* Aim of the task: Set down the whole listing below exactly. The pictures stay out.

* Source material:

Start of Block

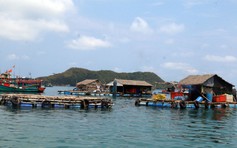 Cá lồng bè chết hàng loạt chưa rõ nguyên nhân tại Quảng Nam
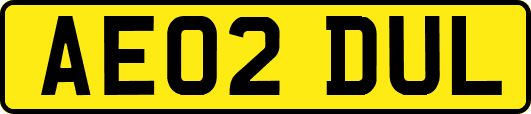 AE02DUL
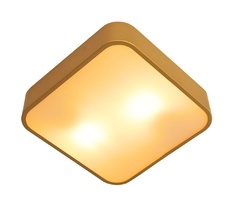 Потолочный светильник Arte Lamp COSMOPOLITAN A7210PL-2GO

End of Block

* Completed task:
 Cá lồng bè chết hàng loạt chưa rõ nguyên nhân tại Quảng Nam
 AE02DUL
 Потолочный светильник Arte Lamp COSMOPOLITAN A7210PL-2GO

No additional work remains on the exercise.